As Gorman wrote her Druidic 'history' across Pentonville, the existence of Merlin's Cave could not escape her attention: "In the interior of the Penton is a cave known as Merlin's Cave, which so late as the 18th century was a fashionable health resort. […] An underground passage at the bottom of the hill led to the cave the entrance to which, in the cellars of the Merlin's Cave Tavern, has only recently been bricked up".

Secret tunnels, hidden caves

This is an attractive idea that then appears in Harold Bayley's 1919 book Archaic England: an essay in deciphering prehistory from megalithic monuments, earthworks, customs, coins, placenames, and faeric superstitions. He writes of the cavern "at Pentonville, known as Merlin's Cave, used to run a subterranean passage".

Secret tunnels running from pub cellars are a fine and promiscuous piece of British folklore, employed by everyone from persecuted Catholics to royal lovers to absconding highwaymen. It is odd but fitting that a character like Merlin, known from mythology, should get his own tunnel in London — albeit one that probably never existed. Gorman is the first, as far as we know, to mention it.

On a roll, EO Gorman puts it all together for the reader:

"Whatever may be the value of connecting the cave with the astronomer Druid of King Arthur's Court, it is not inherently improbable that he […] should have carried on his astronomical studies in the neighbourhood of this ancient well on the Penton".

Merlin, as depicted in 1493. A former Islington resident?

Which is about as certain as anyone ever gets with this legend. RJ Stewart in The Secret Lore of London is convinced that Pentonville did derive its name from 'Pen' meaning 'head', perhaps denoting the site of the burial of a sacred head. Stewart notes that there is no knowledge of any ancient tradition regarding a cave, or the presence of Merlin in the area. In a rare moment of evidence-based deduction in The Secret Lore of London he concludes that Merlin in Islington "seems unlikely".

So where did the names Penton and Merlin come from?

The area is probably not named after the Celtic word for 'head'. Pentonville is far more likely to have taken its name from Henry Penton, an MP and Lord of the Admiralty on whose estate the first buildings on Penton Street were built back in the misty past of 1773.

Merlin's Cave in Pentonville itself may have taken its name due to early 18th century fashion. Warwick Wroth, writing in The London Pleasure Gardens of the Eighteenth Century (1896), argued that Merlin's Cave probably:

...derived its name from the Merlin's Cave constructed in 1735 by Queen Charlotte in the Royal Gardens at Richmond. The Richmond Cave was adorned by astrological symbols, and contained wax-work figures, of which the wizard Merlin was the chief. By the end of 1735 humble imitations of the Cave were established in various parts of the Kingdom, and it is highly probable that the Merlin's Cave tavern had an exhibition of this kind.

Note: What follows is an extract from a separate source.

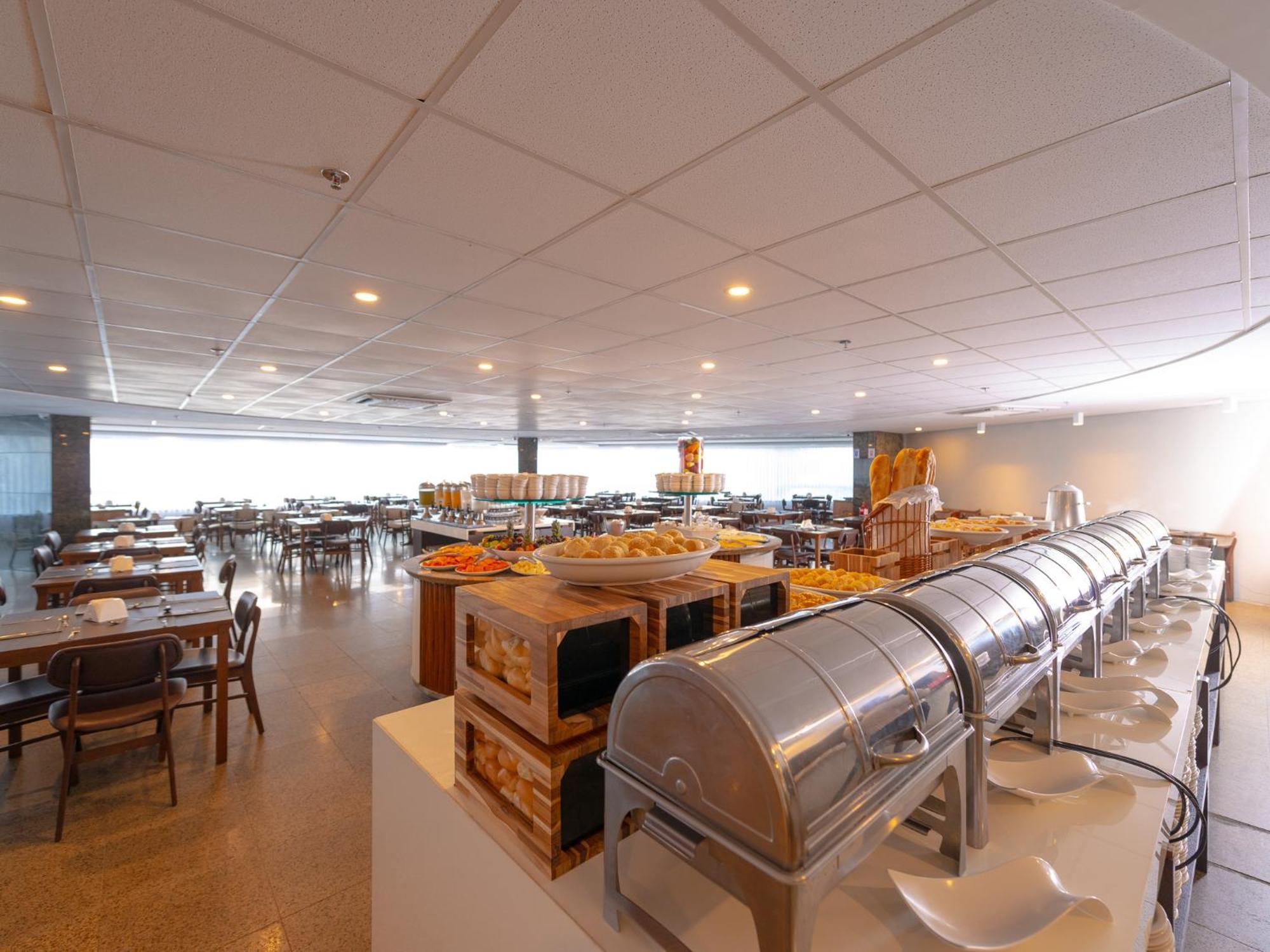 Ocean Palace All Inclusive Premium Natal Exteriér fotografie The buffet at the airport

Merlin's Cave is one of those light little myths passed around when London druids and pagans gather, get half-cut and chat. It's something to which writers and poets then allude when they wish to shame the current aspirations shaping the Islington landscape. They hark back to a mystical past of magic and meaning with the secret of Merlin's Pentonville cave. But the story of this Metropolitan Merlin is barely a century old itself, conjured across the landscape by a misinterpreted place-name, a good name for a tavern and the desire by one writer, EO Gorman, to rewrite the map of London by way of imagined druidic ritual and sacred hills.

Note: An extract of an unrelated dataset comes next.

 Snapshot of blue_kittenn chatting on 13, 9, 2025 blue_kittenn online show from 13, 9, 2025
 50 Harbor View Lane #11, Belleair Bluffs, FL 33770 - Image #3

And that is OK. London is big, old and strong enough to bear endless narratives across its surface. We can walk the streets intoxicated with the poetry of the mythology, we can palpably grasp the past with shards of evidence. As Peter Ackroyd asks in London: The Biography when writing about Pentonville: "Can one place assume different identities, existing in different times and in different visions of reality?".